Problem
Whatever pictures the entries hold, omit them, and output exactly the lines from the one containing "Silent like a grave | Boomplay Music" through the final line.

───── Data records ─────

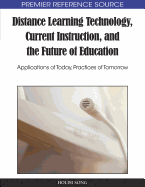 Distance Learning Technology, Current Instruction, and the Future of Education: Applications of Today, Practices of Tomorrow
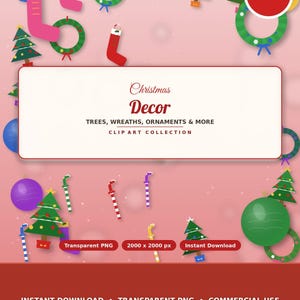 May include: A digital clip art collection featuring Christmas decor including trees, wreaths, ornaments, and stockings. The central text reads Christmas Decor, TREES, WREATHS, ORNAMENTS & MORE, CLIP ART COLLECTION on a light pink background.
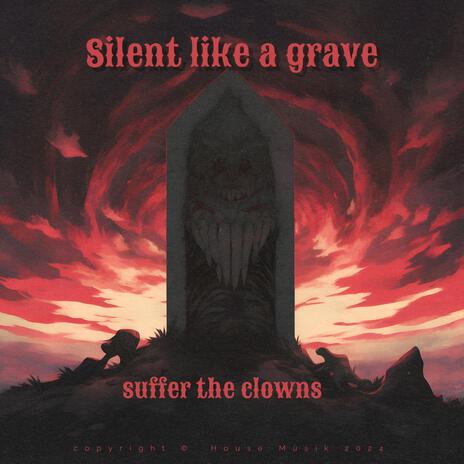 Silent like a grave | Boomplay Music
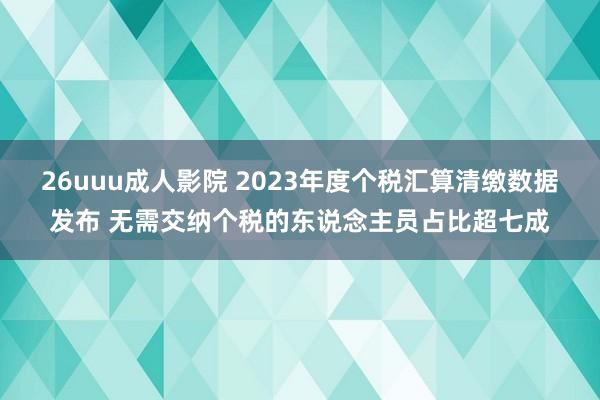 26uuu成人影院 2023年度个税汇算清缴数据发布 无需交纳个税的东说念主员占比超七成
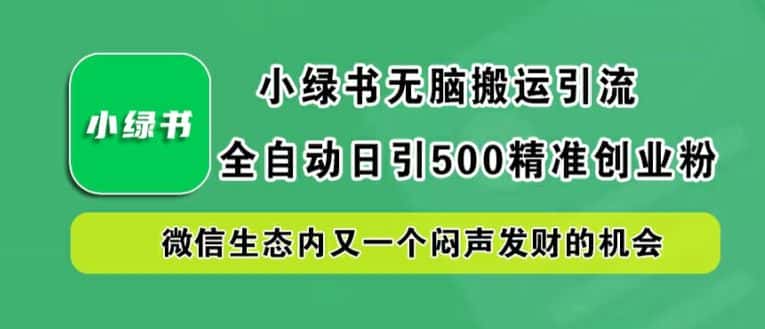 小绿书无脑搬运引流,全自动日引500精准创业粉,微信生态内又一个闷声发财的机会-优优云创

─────

Exercise answer
 Silent like a grave | Boomplay Music
 26uuu成人影院 2023年度个税汇算清缴数据发布 无需交纳个税的东说念主员占比超七成
 小绿书无脑搬运引流,全自动日引500精准创业粉,微信生态内又一个闷声发财的机会-优优云创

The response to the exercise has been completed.